> _THE PROBLEM_
All of the lines below are to be transcribed faithfully, with pictures excluded from the copy.

> _DATA SHOWN_
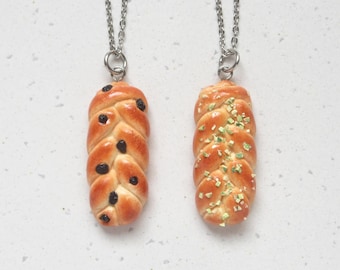 Challah Bread Necklace, Raisin Or Pistachio, Miniature Food Accessories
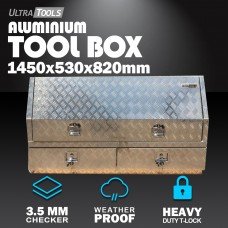 Aluminium Ute Tool Box 2.5mm 1450x530x820mm 2 Drawers Side Opening Vehicle Storage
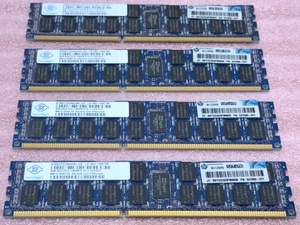 ◎Nanya NT8GC72C4NG0NL-CG 4枚セット *PC3L-10600R/DDR3L-1333 ECC REG/Registered 240Pin DDR3 RDIMM 32GB(8GB x4) 動作品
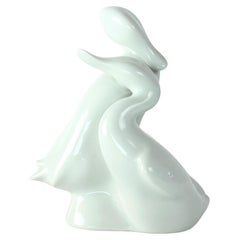 White Midcentury Porcelain Statue Of Love Ducks, Royal Dux Czechoslovakia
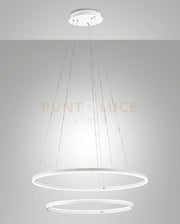 LEO SOSPENSIONE BIANCA 52W 3000K 5320LM 2 CERCHI D.60+40CM DIMMERABILE DALI
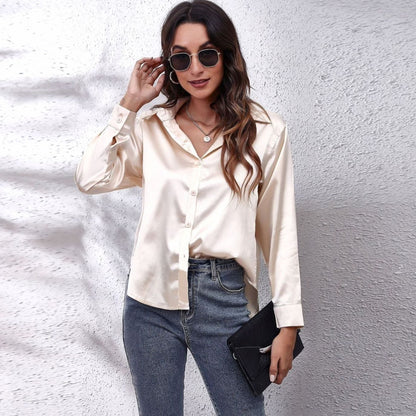 Women's Loose-Fit Satin Blouse — Long-Sleeve Button-Down 10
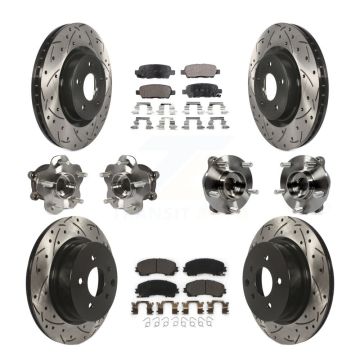 Front Rear Hub Bearing Coated Brake Rotor Pads Kit (10Pc) For 2016-2017 INFINITI QX50 AWD KBB-111264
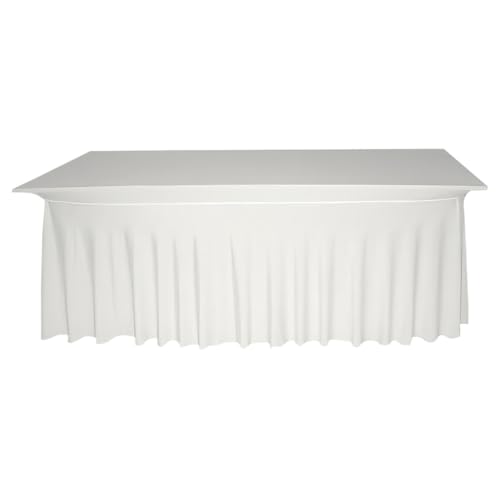 Gastro Uzal Deluxe Tischhusse Büffet Tischhussen Stretchhusse Husse Hussen Biertischhusse Bierzeltgarnitur für Hochzeit Event weiß 180 x 80 cm, Banketttischhusse von Gastro Uzal
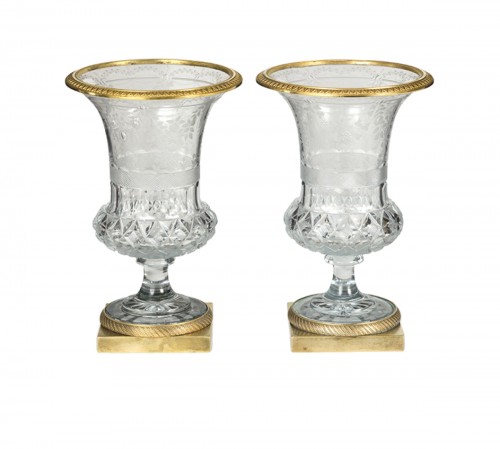 Pair of crystal cut Medicis vases , Early 19th Century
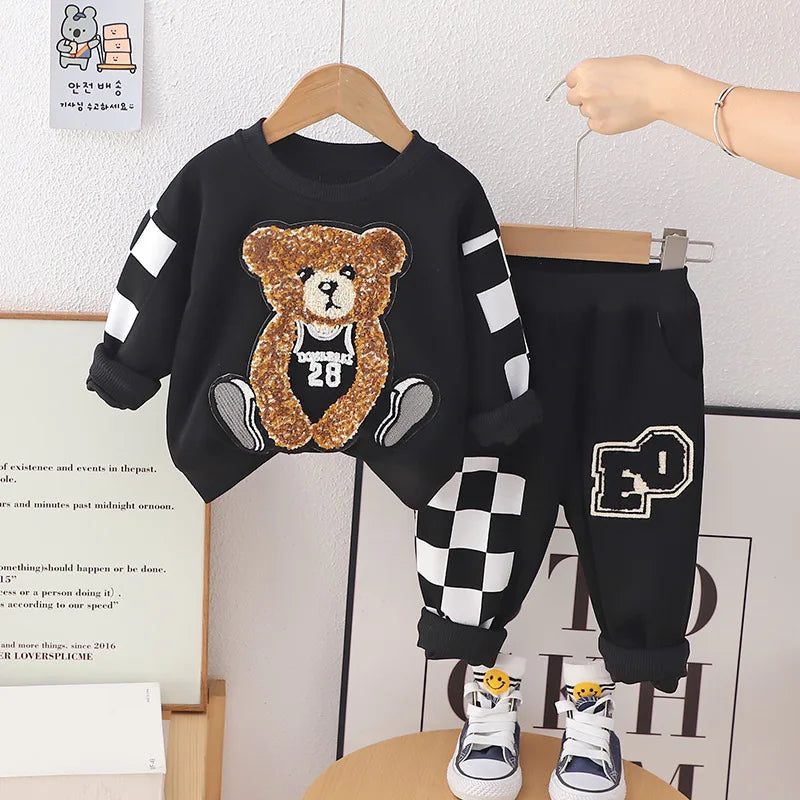 Conjunto de roupas bordadas para bebês, primavera, meninos  esportes, desenho animado, urso, moletom, blusa e calça, parte inferior, terno de algodão, agasalho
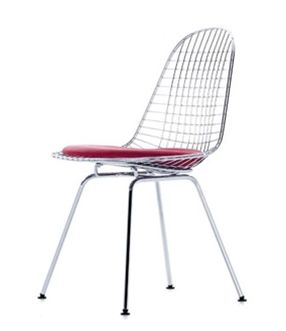 VITRA chaise wire chair DKX (Coussin en cuir Cat. L20 - acier/cuir)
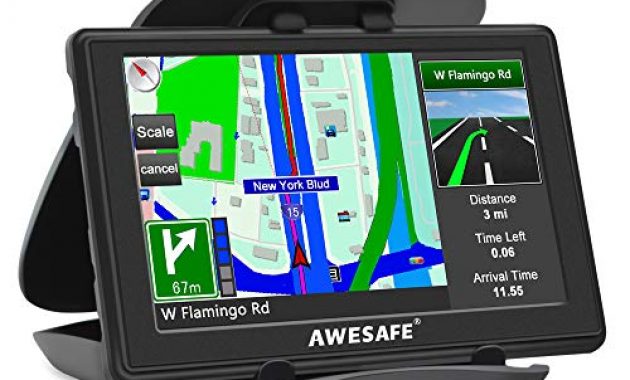 cool awesafe gps navi navigation fur auto lkw pkw kfz 5 zoll touchscreen sprachfuhrung lebenslang kostenloses kartenupdate mit navigationsgerat halterung bild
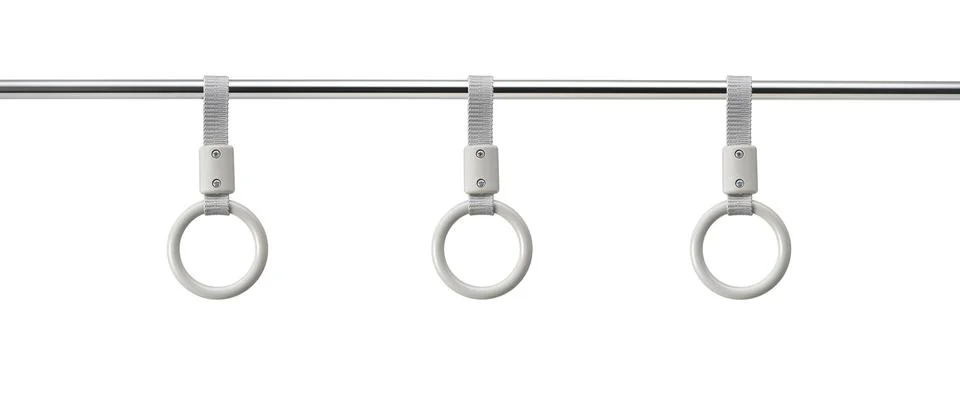 Hand handle loop in the subway. isolated on white background Stock Photos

> _ANSWER SPACE_
 Challah Bread Necklace, Raisin Or Pistachio, Miniature Food Accessories
 Aluminium Ute Tool Box 2.5mm 1450x530x820mm 2 Drawers Side Opening Vehicle Storage
 ◎Nanya NT8GC72C4NG0NL-CG 4枚セット *PC3L-10600R/DDR3L-1333 ECC REG/Registered 240Pin DDR3 RDIMM 32GB(8GB x4) 動作品
 White Midcentury Porcelain Statue Of Love Ducks, Royal Dux Czechoslovakia
 LEO SOSPENSIONE BIANCA 52W 3000K 5320LM 2 CERCHI D.60+40CM DIMMERABILE DALI
 Women's Loose-Fit Satin Blouse — Long-Sleeve Button-Down 10
 Front Rear Hub Bearing Coated Brake Rotor Pads Kit (10Pc) For 2016-2017 INFINITI QX50 AWD KBB-111264
 Gastro Uzal Deluxe Tischhusse Büffet Tischhussen Stretchhusse Husse Hussen Biertischhusse Bierzeltgarnitur für Hochzeit Event weiß 180 x 80 cm, Banketttischhusse von Gastro Uzal
 Pair of crystal cut Medicis vases , Early 19th Century
 Conjunto de roupas bordadas para bebês, primavera, meninos  esportes, desenho animado, urso, moletom, blusa e calça, parte inferior, terno de algodão, agasalho
 VITRA chaise wire chair DKX (Coussin en cuir Cat. L20 - acier/cuir)
 cool awesafe gps navi navigation fur auto lkw pkw kfz 5 zoll touchscreen sprachfuhrung lebenslang kostenloses kartenupdate mit navigationsgerat halterung bild
 Hand handle loop in the subway. isolated on white background Stock Photos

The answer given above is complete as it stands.